In the slow-moving civil case, I was up in U.S. District Court for the Southern District this past Thursday for a pre-motion conference. IBM Japan, through its attorney Allan Bloom ( * ), is objecting to New York jurisdiction under NY CPLR 301.
I always learn a lot when I go to District Court, since I get there early. Thursday, there were two criminal court cases ahead of mine. One involved someone either knifing or shooting someone, and the second was about a Jamaican who keeps sneaking back into America and getting involved in felony crimes. The lawyers kept saying about “life on the installment plan”. What happens is the man, maybe now in his early 40’s, comes back in, gets convicted, and then has to spend time in an American jail. When he’s released, he goes back to his home country. Soon enough, he’s back in America (that’s the part I don’t understand—how he gets let back in) and the whole process starts anew.

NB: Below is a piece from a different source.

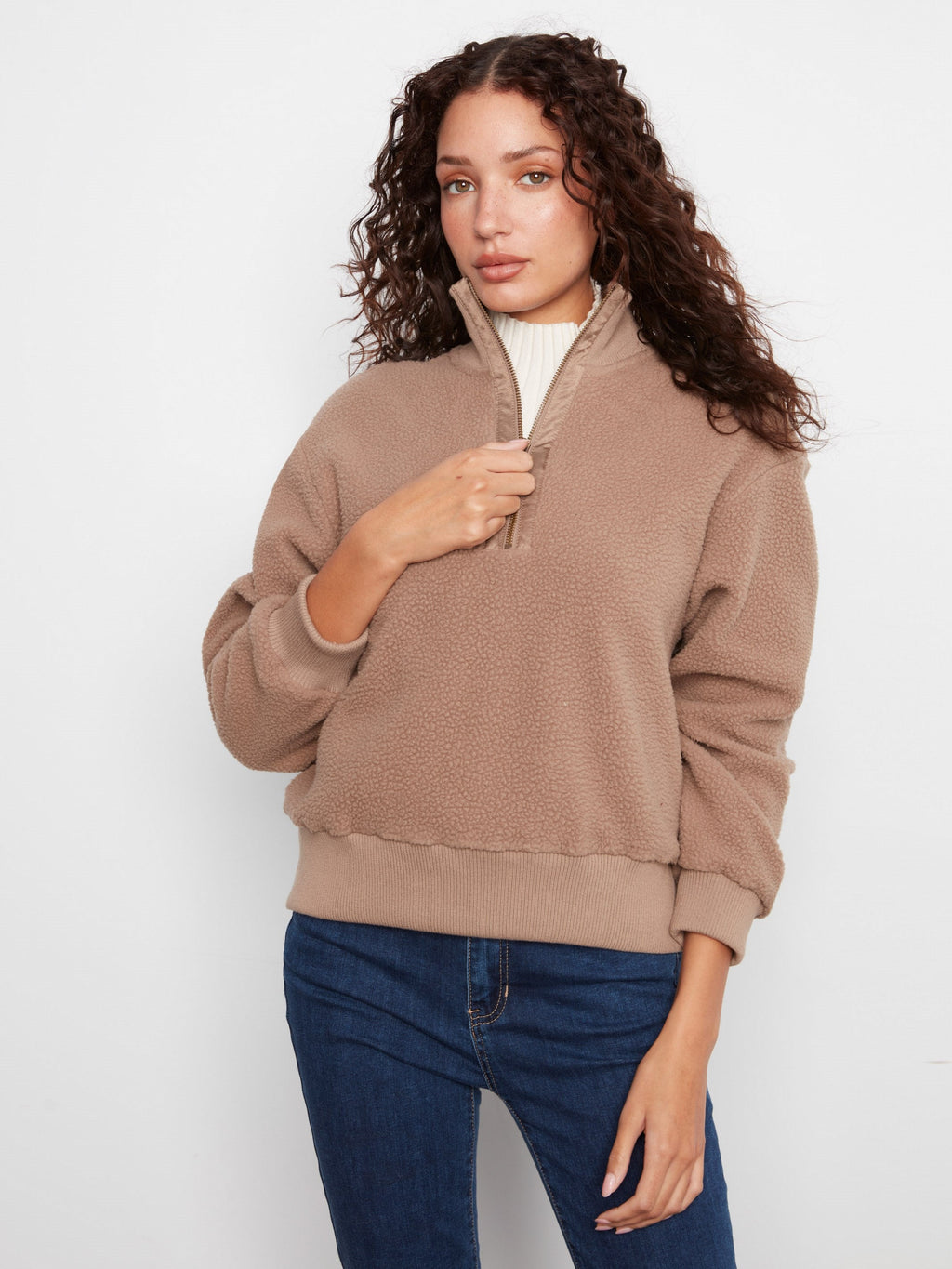 Half-Zip Fleece Pullover - Taupe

It sounded like Judge Seibel was throwing the book at him, by sentencing him to five years (something having to do with stealing a $7 chicken bumping him up so many points to a category five, or something); but then, the defense counsel and judge kept saying about “if it happens again, he’ll get the book thrown at him”. I guess what they meant was that if he does this next five years—or however many he would have to do out of the sentence—and then gets shipped back to Jamaica, and THEN shows up in America, they won’t let him out period.
In a way, it sounds like what the man really wants, out of the choices he has available to him. Very sad, because drugs and pimping sound like they were implicated. A rough childhood, abusive parent, things like that. And he had grown up partly in America as undocumented, and no one had ever given him the opportunity to be legal—as if that might have been a good thing or a life changer. Hard to tell from the audience seat.
When I got up to respond in the conference, I was my usual shaky self.
Mr. Bloom recited the same tired tripe about Volkswagenwerk, but this time added how it shouldn’t matter that a “few” executives, out of the several hundred thousand employees of IBM worldwide, are shuttled between Japan and America—apparently including Mr. Tsubota.
I pointed out that, where I did get discovery responses, the background about each of the 35 executives was always cut off at the IBM Japan level (no information about how they got there or who they report to if it involves a home-based boss). So, for example, the current head of IBM Japan reports to no one—even though the JMIU-IBM union and Nikkei Business News are being fed an entirely different story about the cost-cutter sent from America.
When you’re being gaslighted, it’s the small changes that you look for. One is that Judge Seibel wants the jurisdiction issue briefed again BEFORE the renewal motion is moved by IBM Japan. Usually it’s simultaneous (motion with supporting brief). If I lose jurisdiction, especially in a post-Wiwa environment, of course I will go to the Second Circuit. So I thought that was an interesting development.
The other thing is I got to discuss a bit about mandatory relation back under Krupski. Once I determined that Kuniya Tsubota was indeed the John Doe I needed, and–because he was aware of the legal issue in October 2008–that he had actual knowledge that he could be sued, then he should, by Rule 15(c), be added. (There is also constructive notice of the suit because his attorney, the same Allan Bloom ( * ), knew about the tort claim in February 2011.) Judge Seibel accepted that Krupski may factor in this, without saying one way or the other. (That is, I did not get a flat-out “no”, which I should not have. But when it’s David and Goliath, I count that as a plus, because I’ve found—like with the 30-day notice law—Goliath gets to spin it however it wants.)
Finally, there is a question of whether hearsay is acceptable to determine jurisdiction. I believe it’s a “yes”, and this would be good in bringing in what’s been going on with the JMIU union. This did not get batted down by the judge, and so, a plus. She said that hearsay is still hearsay, which of course it is. But it is still some eyebrow-arching hearsay.
For readers following me on the case, don’t expect much more until about mid-April, when the Paul Hastings’ brief is due.
( * ) – The Allan Bloom here is not the author of the 1987 classic “Closing the American Mind”–he’s a Paul Hastings guy that IBM picked up after their former IBM Japan attorney in New York, Howard Weber, passed away.)
[Update: I am aware that there is a question whether “actual notice” to a defendant is notice that the person may be involved in a matter where he/she could be sued or whether it is notice that there is litigation involving the claim. Either way, Mr. Tsubota should have known that there was the John Doe tort claim, as he was also a torishimariyaku (director) of IBM Japan in February 2011, when IBM Japan was first served. He was moved to New York in April 2011, to begin a role there.]